Albanian/History of the Albanian Language
The Albanian language belongs to the Indo-European family of languages but has its own specifics, similar to Greek or Armenian, which means it does not have any direct similarities with other languages in the same family.
The Albanian language is spoken by Albanians who descend from the ancient Illyrian tribes that occupied the western part of the Balkan peninsula. It is recognized to be the continuation of the Illyrian language. Unfortunately, there are no written documents to prove this theory so the connection between the two languages is only indirectly supported through the names of people, places and historical studies.
During the middle-ages, there was a large exodus of Albanians into Greece, where today, an archaic dialect of Albanian is still spoken. The Albanian language was also spoken in the Chameria region of northern Greece, but due to the ethnic cleansing of Albanians by Greeks there, many Albanians took refuge in Turkey or returned to Albania. The remaining population has been forbidden to speak Albanian.

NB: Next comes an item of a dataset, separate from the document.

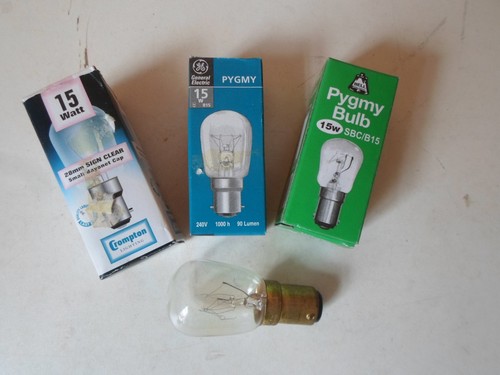Watt clear pygmy bulbs - watt,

After the death of the great Albanian national hero, Skenderbeg, and the occupation of Albania by the Ottoman Empire, thousands of Albanians migrated to southern Italy and Sicily. Today, some 200,000 Albanians called Arbëresh remain there and speak a very old Albanian dialect.
The national literary Albanian language was formed during the middle of the last century. At that time, there were two main dialects used: the northern dialect, Gege, and the southern dialect, Tosk.
Both dialects were incorporated into one in 1972 during a language congress held in Tirane where most of the Gege dialect was incorporated into the Tosk dialect and was declared the official, unified Albanian language and was subsequently accepted by all Albanians of the former Yugoslavia.
Where is the Albanian language spoken today?
Today, the Albanian language is spoken in Albania and within the ethnic Albanian areas of the former Yugoslavia, such as Kosova, Macedonia, Montenegro and South Serbia. But in these regions, where daily political repression has become a way of life, the Albanian language is also suffering setbacks as a result of the widespread discrimination against Albanians.